Wednesday, January 02, 2008

On Reading O

A copy of O found its way into the house. American magazines are rare or cost about two Harvard courses here. Like many glossies it is difficult to find the articles between the ads, and yes, because of my profession I know it’s the ads that pay for the magazine not the stand price.

A couple of things caught my attention. One was the side bar that the difference between successful and unsuccessful people is that successful people fail more. Logically, if you don’t risk you don’t learn, if you don’t learn, you don’t advance…yadda yadda yadda…that’s a good yadda yadda yadda not a sarcastic one, by the way.

I do hear my friend Mary’s voice, saying “define your terms” and one person’s success is another person’s failure, so if being a CEO is nowhere on a success chart, that’s okay. But as a writer and as a person who teaches writing, I remember a Simmons professor who said every writer has 250,000 bad words in them. Well that’s 250,000 failures if you want to use that term. I prefer to think of it as 250,000 experiences enriching my life on the way to computer pubelle…good riddance, I loved you well for a short time.

I suppose I could say I was a success because I accomplished everything I set out to do: university degree, write, marry, have a daughter, live in Europe.

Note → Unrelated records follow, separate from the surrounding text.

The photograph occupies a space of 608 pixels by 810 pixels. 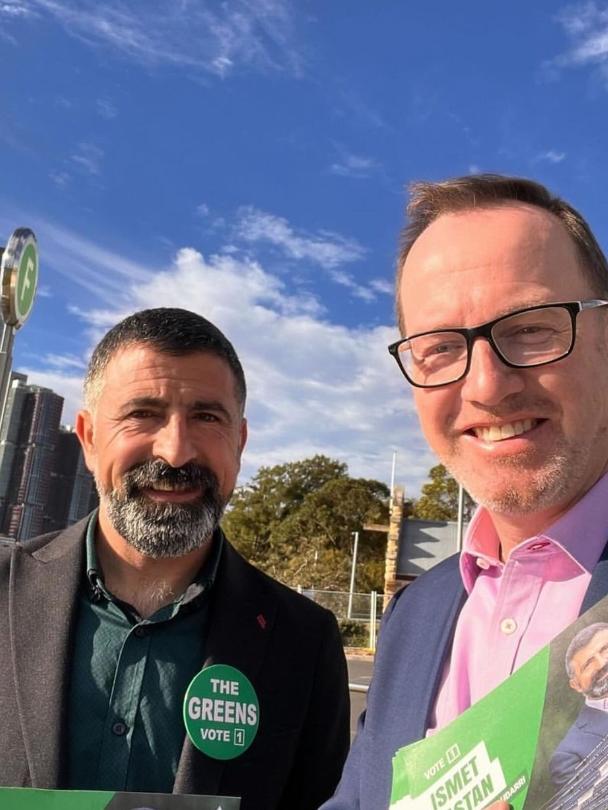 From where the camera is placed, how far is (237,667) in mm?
2215

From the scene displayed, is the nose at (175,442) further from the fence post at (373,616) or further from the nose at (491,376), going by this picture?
the fence post at (373,616)

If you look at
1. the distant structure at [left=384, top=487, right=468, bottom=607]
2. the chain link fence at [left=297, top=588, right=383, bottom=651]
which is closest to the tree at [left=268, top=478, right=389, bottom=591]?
the chain link fence at [left=297, top=588, right=383, bottom=651]

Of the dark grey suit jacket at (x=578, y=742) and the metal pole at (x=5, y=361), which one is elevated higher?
the metal pole at (x=5, y=361)

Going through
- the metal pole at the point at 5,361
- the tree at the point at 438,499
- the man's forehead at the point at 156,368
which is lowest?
the man's forehead at the point at 156,368

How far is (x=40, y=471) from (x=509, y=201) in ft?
57.1

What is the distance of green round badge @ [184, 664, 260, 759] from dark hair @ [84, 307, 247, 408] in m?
0.93

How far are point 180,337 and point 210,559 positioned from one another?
0.77 meters

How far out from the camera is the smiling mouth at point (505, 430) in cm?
149

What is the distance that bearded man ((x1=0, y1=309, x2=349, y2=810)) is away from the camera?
6.73ft

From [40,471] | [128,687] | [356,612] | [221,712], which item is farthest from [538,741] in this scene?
[356,612]

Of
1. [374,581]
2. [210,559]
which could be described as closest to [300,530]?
[374,581]

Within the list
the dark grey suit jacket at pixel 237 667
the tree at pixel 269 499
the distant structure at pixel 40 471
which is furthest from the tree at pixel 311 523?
the dark grey suit jacket at pixel 237 667

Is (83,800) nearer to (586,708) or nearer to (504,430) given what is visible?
(586,708)

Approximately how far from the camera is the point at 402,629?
1.78m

In my youth I still hadn’t added work honestly, make the world better, have strong friendships, etc. And in even achieving even tiny parts of each of these goals I made some really big goofs along on the way. As I tell people who say they did something stupid, “But can you claim you divorced a dead man you were never married to in the first place?” and they realise I’ve won the stupid mistake contest even though I never set out to do that.

My mother used to say about her many neurosis that they were her neurosis, she cultivated them and she loved them. I guess I feel the same way about my failures, but like revenge they are best tasted cold.

The other second thing that hit me was a beauty column where a woman worried about the bumps left on her underarm skin shaving. I wanted to write the editors and demand the name and ask her “Are you for real?

“With the US Constitution under attack, with US poverty second in the industrialized world, with thousands of people losing their homes (not to mention those all over the world who have lost jobs and security because of alleged smart leaders' clever investing), with people being killed in two wars of US making and hundreds of thousands more being killed in tribal conflicts, with global warming threatening the planet, you, you idiot are worried about underarms bumps?”

The mind boggles.

1 comment:

Melissa said...

I'm glad I'm not the only one disillusioned by "O." It's too bad, because I think Oprah and company put a ton of time into it. It tries to be everything to everybody and just ends up offending the sensibilities of the intelligent reader. The Oprah empire could do so much better.